With the recent introduction of therapeutic options, a need for diagnostic modalities allowing for treatment monitoring did arise. Therefore, means of quantifying disease burden become a requirement for future applications of imaging. Planar scintigraphy and SPECT imaging, however, inherently lack the possibility of quantification. By contrast, CMR-based determination of, e.g., the myocardial ECV in patients with proven cardiac amyloidosis may evolve as a valuable tool for estimating the extent of amyloid (including the differentiation of degrees of severity or the monitoring of progression over time) [92]. Alternatively, positron emission tomography (PET) may play an important future role, as it inherently provides quantitative measures of radionuclide uptake, potentially allowing for accurate assessment of the treatment response similar to that established for follow-up of inflammatory myocardial disease (e.g., cardiac sarcoidosis).
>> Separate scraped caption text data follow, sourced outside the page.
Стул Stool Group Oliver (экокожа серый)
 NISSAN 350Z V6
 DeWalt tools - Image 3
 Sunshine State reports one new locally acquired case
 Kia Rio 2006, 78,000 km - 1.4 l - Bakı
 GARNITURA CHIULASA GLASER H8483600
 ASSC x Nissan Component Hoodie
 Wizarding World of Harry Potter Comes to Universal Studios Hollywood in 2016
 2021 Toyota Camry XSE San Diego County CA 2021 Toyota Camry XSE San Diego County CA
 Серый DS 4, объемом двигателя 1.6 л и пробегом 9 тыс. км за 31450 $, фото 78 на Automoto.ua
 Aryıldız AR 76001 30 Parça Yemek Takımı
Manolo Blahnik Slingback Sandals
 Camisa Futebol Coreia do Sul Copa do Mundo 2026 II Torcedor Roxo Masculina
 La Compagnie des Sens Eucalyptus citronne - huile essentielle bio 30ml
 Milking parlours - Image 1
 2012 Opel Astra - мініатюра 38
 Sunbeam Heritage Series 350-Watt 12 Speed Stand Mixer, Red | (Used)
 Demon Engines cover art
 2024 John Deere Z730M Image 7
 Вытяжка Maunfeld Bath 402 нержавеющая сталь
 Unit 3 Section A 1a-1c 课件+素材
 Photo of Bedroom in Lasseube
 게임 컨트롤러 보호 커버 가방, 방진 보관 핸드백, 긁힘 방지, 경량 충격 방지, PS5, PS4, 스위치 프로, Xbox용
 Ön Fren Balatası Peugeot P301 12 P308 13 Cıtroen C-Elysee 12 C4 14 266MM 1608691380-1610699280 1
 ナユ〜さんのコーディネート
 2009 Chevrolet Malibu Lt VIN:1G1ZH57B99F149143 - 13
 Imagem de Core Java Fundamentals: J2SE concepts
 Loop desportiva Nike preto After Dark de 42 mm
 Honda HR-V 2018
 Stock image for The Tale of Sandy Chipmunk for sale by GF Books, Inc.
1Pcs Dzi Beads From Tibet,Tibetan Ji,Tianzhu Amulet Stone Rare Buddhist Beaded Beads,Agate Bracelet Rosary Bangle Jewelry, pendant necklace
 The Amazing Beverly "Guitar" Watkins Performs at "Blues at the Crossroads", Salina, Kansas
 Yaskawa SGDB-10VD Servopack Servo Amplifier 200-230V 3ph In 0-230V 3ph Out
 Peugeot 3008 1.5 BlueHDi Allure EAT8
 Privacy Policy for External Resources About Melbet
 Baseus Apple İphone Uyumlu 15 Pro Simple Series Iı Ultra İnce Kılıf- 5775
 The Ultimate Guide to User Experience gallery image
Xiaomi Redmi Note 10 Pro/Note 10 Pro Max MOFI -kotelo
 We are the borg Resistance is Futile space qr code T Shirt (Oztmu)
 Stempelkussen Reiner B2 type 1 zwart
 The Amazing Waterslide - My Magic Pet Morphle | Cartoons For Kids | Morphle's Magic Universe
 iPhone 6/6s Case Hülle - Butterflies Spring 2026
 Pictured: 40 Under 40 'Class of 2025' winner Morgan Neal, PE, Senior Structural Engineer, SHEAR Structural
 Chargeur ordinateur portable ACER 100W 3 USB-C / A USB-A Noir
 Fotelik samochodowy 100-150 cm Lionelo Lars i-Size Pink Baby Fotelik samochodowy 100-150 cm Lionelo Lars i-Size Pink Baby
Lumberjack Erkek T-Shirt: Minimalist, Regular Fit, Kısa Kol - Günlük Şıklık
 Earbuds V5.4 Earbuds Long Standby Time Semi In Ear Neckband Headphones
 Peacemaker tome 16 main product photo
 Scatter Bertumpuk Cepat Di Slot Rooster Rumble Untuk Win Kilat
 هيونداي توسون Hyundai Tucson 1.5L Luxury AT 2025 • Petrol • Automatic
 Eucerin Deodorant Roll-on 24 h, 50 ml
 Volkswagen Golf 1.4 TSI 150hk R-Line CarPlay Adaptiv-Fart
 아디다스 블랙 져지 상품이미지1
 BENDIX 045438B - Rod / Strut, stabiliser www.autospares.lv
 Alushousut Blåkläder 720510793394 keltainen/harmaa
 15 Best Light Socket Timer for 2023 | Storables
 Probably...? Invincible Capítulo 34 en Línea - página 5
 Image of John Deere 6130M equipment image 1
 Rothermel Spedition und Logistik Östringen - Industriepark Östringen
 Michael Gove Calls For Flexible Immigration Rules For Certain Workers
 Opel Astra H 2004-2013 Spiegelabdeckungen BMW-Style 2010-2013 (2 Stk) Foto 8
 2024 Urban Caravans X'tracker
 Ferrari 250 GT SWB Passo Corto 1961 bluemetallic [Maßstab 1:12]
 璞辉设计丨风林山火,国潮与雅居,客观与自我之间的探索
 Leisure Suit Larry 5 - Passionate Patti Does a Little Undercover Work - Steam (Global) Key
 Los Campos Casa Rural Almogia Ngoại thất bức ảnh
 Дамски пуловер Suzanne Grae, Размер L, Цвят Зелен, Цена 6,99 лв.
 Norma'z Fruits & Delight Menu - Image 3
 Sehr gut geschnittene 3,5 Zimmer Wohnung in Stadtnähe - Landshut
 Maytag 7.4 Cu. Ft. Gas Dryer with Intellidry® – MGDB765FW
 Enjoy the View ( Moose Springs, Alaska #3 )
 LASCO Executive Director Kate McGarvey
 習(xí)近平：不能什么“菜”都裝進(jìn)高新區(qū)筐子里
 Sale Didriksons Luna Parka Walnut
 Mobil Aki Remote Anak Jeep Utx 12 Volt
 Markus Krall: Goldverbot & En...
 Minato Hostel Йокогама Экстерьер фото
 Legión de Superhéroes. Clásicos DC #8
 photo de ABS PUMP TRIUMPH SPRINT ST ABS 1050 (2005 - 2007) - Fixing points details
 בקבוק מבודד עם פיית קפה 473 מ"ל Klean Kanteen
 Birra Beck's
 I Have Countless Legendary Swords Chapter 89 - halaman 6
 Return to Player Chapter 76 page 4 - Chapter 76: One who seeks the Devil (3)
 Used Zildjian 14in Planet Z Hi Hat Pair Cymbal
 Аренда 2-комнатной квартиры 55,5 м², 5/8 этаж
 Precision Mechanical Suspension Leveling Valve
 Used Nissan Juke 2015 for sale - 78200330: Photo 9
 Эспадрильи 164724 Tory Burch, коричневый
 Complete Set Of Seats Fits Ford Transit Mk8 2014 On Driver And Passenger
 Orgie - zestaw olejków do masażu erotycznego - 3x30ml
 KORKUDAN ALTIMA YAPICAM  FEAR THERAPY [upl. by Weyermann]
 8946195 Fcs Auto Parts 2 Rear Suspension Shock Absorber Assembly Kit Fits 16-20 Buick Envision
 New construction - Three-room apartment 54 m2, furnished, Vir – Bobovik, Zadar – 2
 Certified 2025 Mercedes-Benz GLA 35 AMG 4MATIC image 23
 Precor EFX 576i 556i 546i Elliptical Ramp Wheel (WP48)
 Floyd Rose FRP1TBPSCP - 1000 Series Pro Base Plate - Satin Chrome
Due to the limited number of (mostly retrospective) studies with small case numbers, it is not yet possible to make reliable statements on the use of promising positron emission tomography (PET) for the diagnosis of cardiac amyloidosis [93]. In previous PET studies, the following radionuclides have been used: ¹¹C-Pittsburgh Compound (PIB), ¹⁸F-florbetaben, and ¹⁸F-florbetapir [94‐96]. These radionuclides were primarily developed to detect β amyloid plaques in the brains of Alzheimer’s patients and appear to allow detection of both ATTR and AL deposits in the heart. While ¹⁸F⁻based radionuclides have a relatively long half-life of > 100 min and, therefore, do not necessarily need to be produced on site, PIB has a relatively short half-life and, therefore, needs to be used quickly after production. Dependent on tracer and technique, the average radiation exposure of amyloid-targeted PET ranges from 1.5 to 7 mSv per patient and examination [97, 98]. For these radionuclides, diagnostic sensitivities of 87–100% and specificities of 83–100% for the diagnosis of cardiac amyloidosis have been determined in smaller monocentric studies [93]. Future studies are yet required to assess the potential of PET to differentiate between cardiac ATTR and AL amyloidosis. The strongest potential may, however, be in the quantitative nature, enabling therapy monitoring. Of note, a recent study using PIB-PET confirmed that the quantitative myocardial signal reflects the amount of amyloid deposit and is an independent predictor of adverse outcome in AL [99].